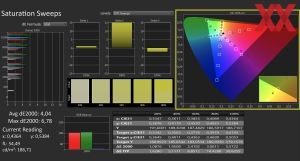 Displaymessungen des ASUS ProArt P16
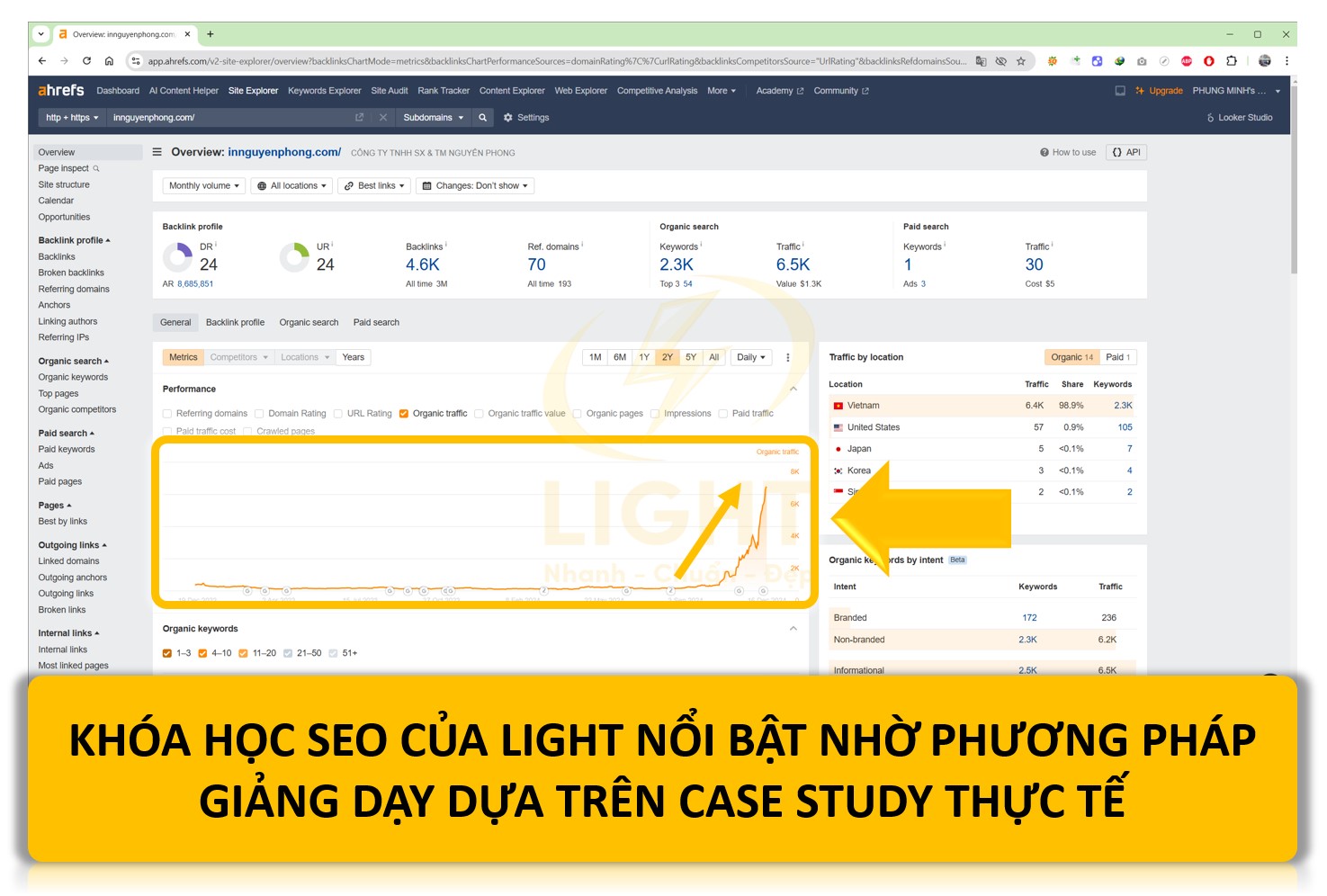 Khóa Đào Tạo SEO Nào Tập Trung Vào Case Study Thực Tế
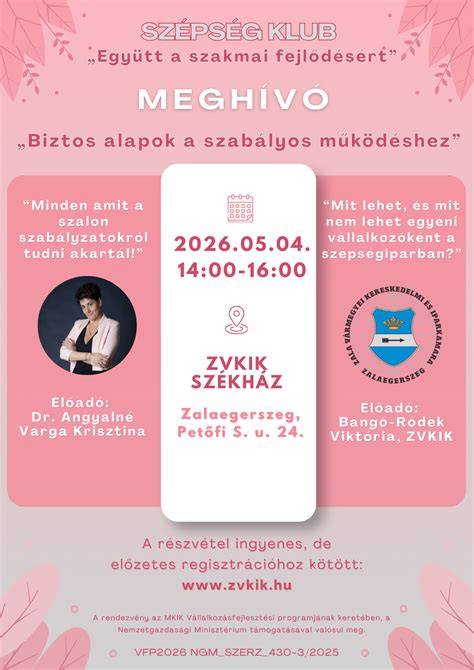 Infografika: Bonyhád szépség- és fodrászati szolgáltatói hálózata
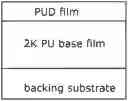 Fig. 01 - WATERBORNE POLYURETHANE DISPERSION AND METHOD FOR PREPARING THE SAME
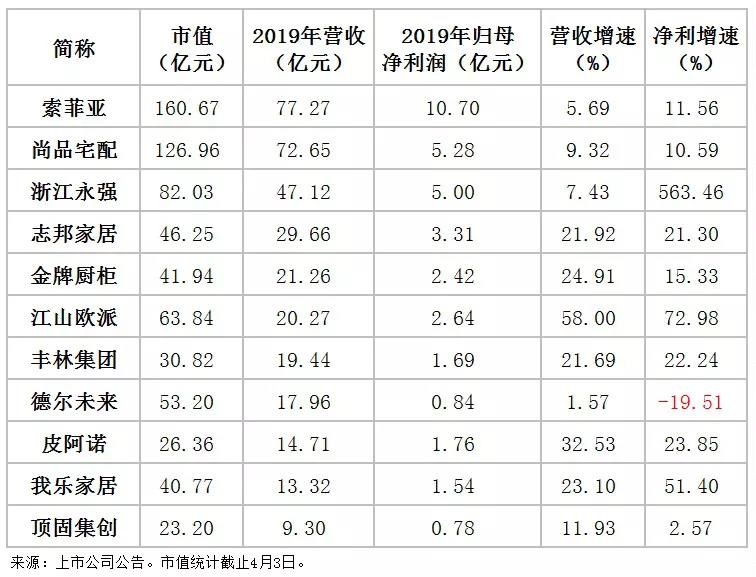 业绩快报：传统品牌再度发力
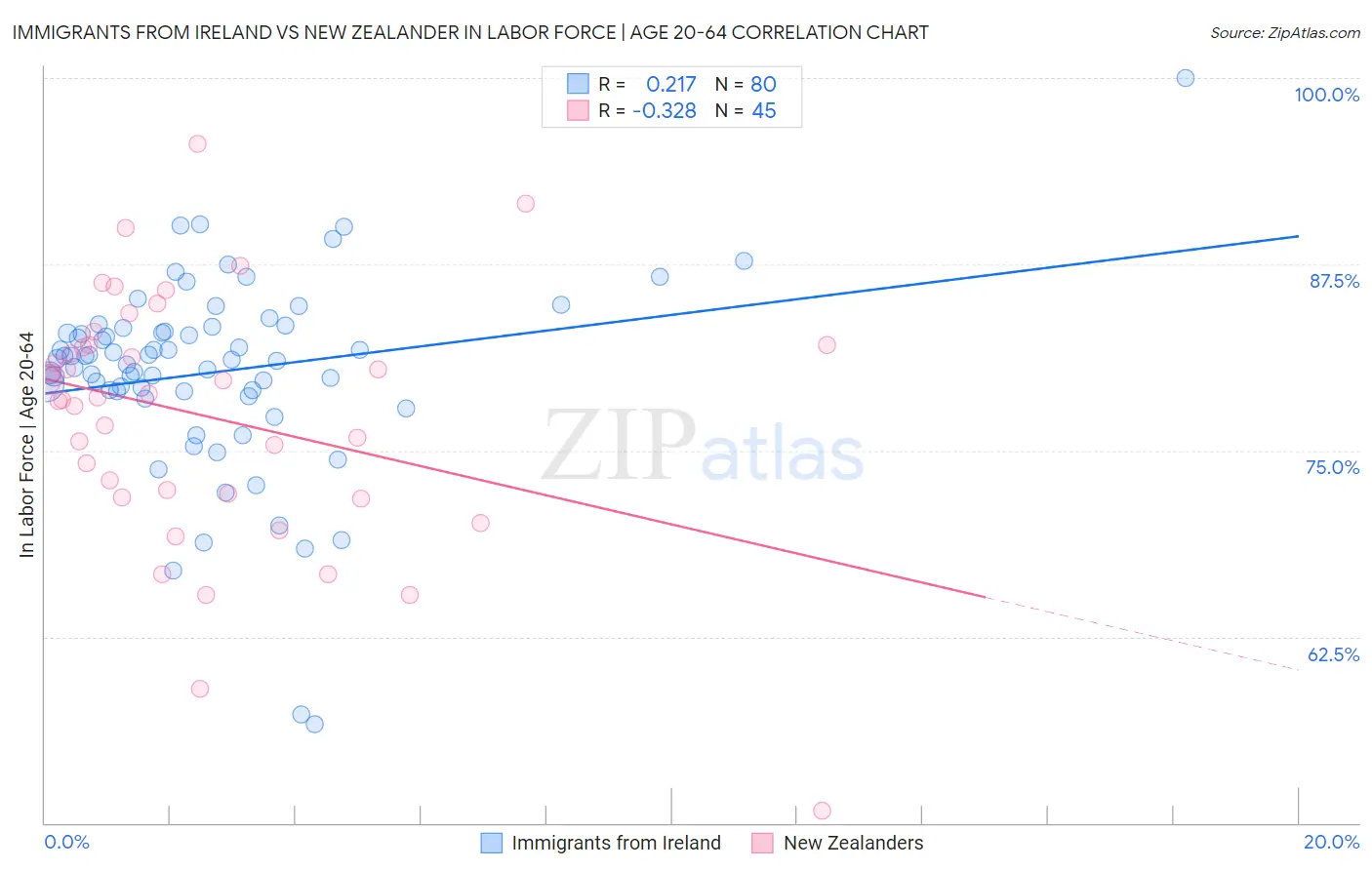 Immigrants from Ireland vs New Zealander In Labor Force | Age 20-64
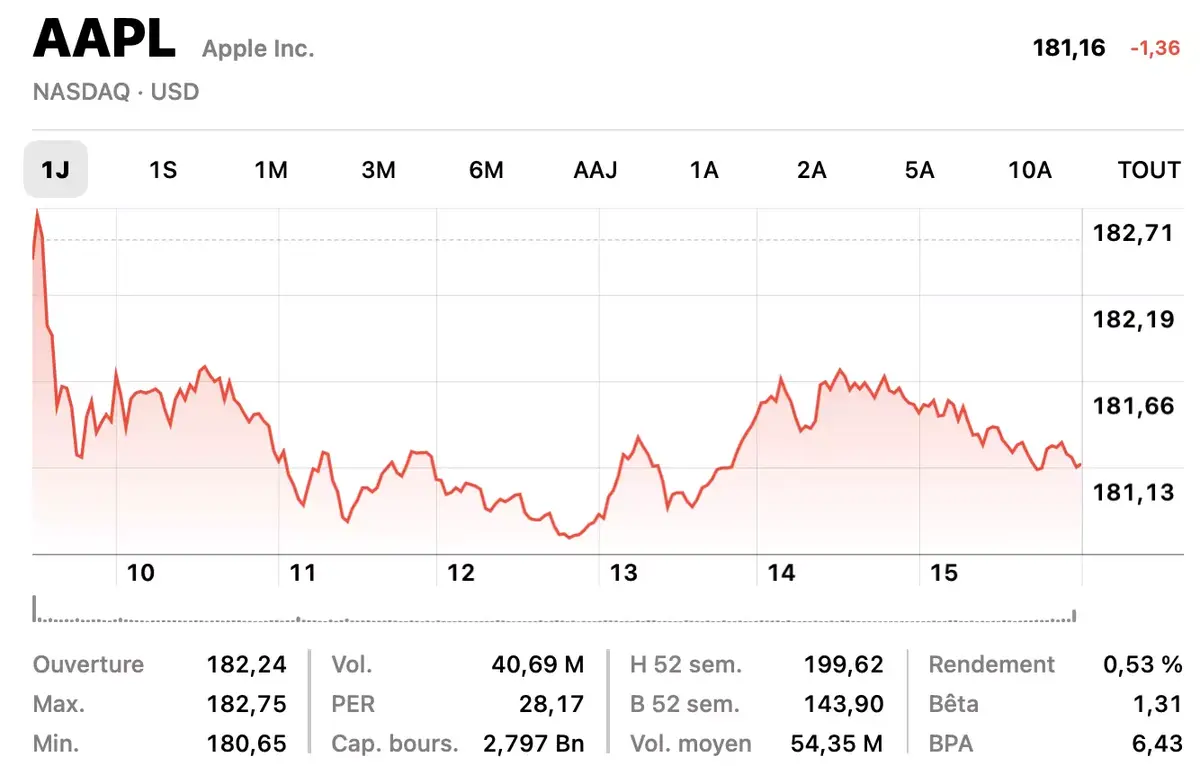 Quels sont les sujets chauds de la prochaine assemblée des actionnaires d'Apple ?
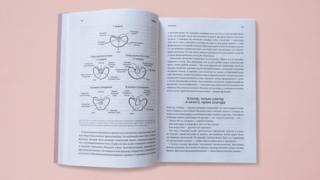 Книга "Как хочет женщина"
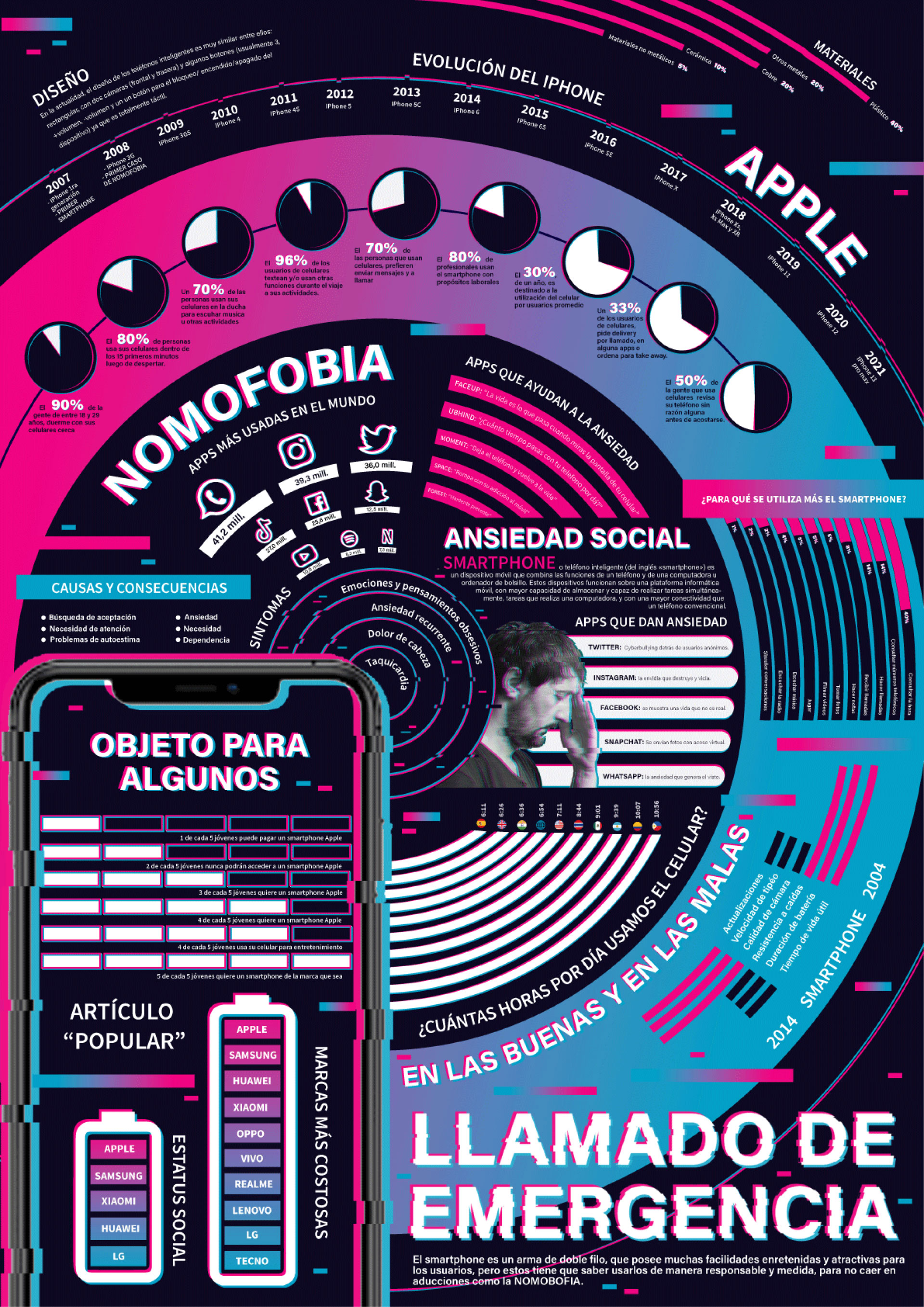 Infografia llamado de emergencia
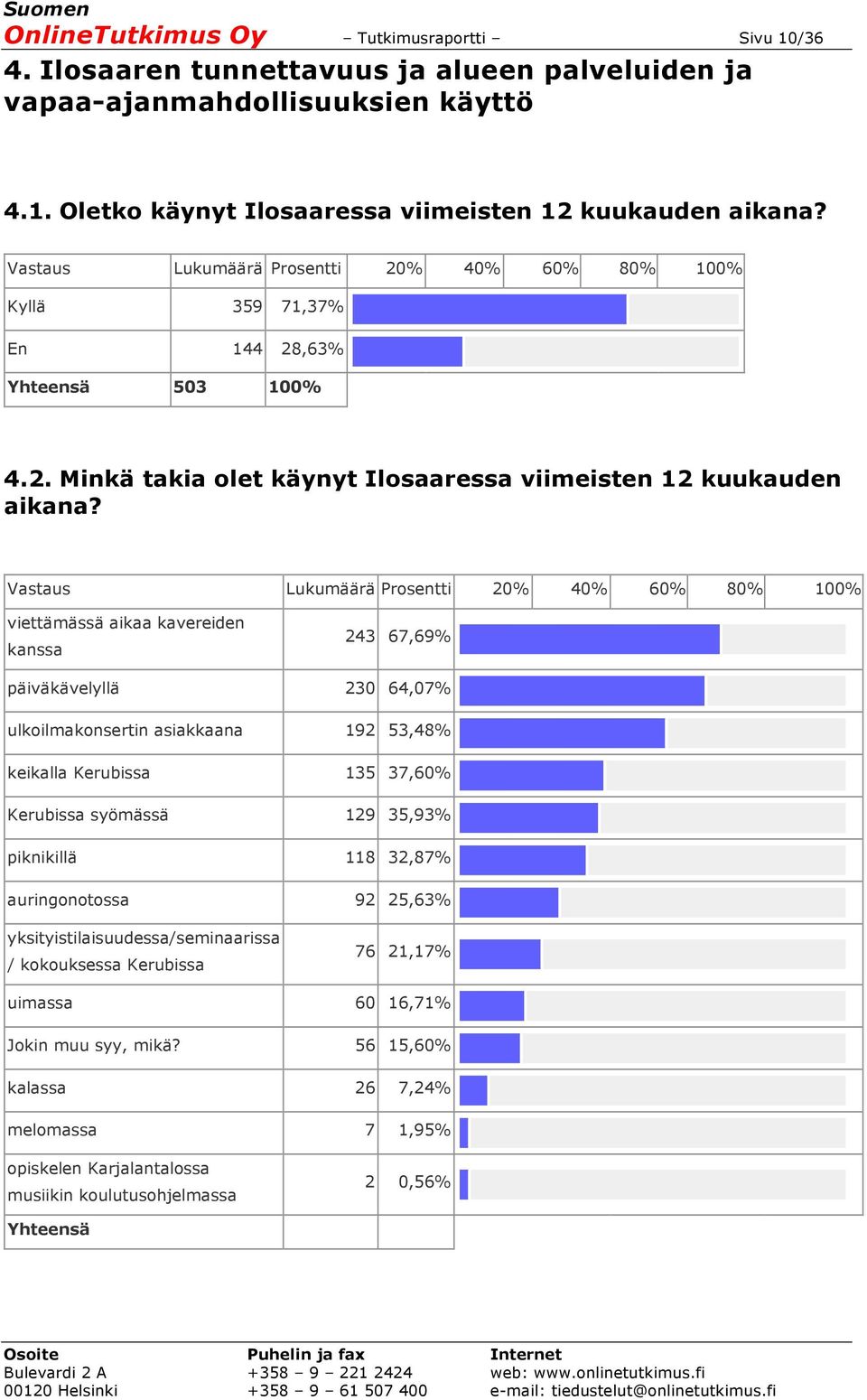 Vastaus Lukumäärä Prosentti 20% 40% 60% 80% 100% viettämässä aikaa kavereiden kanssa 243 67,69% päiväkävelyllä 230 64,07% ulkoilmakonsertin asiakkaana 192 53,48% keikalla Kerubissa 135 37,60%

◇ ◇ ◇ ◇ ◇

Set down word for word each line from the one containing "Infografia llamado de emergencia" through the end of the material, and keep the pictures out of it.

§ WRITTEN RESPONSE:
 Infografia llamado de emergencia
 Vastaus Lukumäärä Prosentti 20% 40% 60% 80% 100% viettämässä aikaa kavereiden kanssa 243 67,69% päiväkävelyllä 230 64,07% ulkoilmakonsertin asiakkaana 192 53,48% keikalla Kerubissa 135 37,60%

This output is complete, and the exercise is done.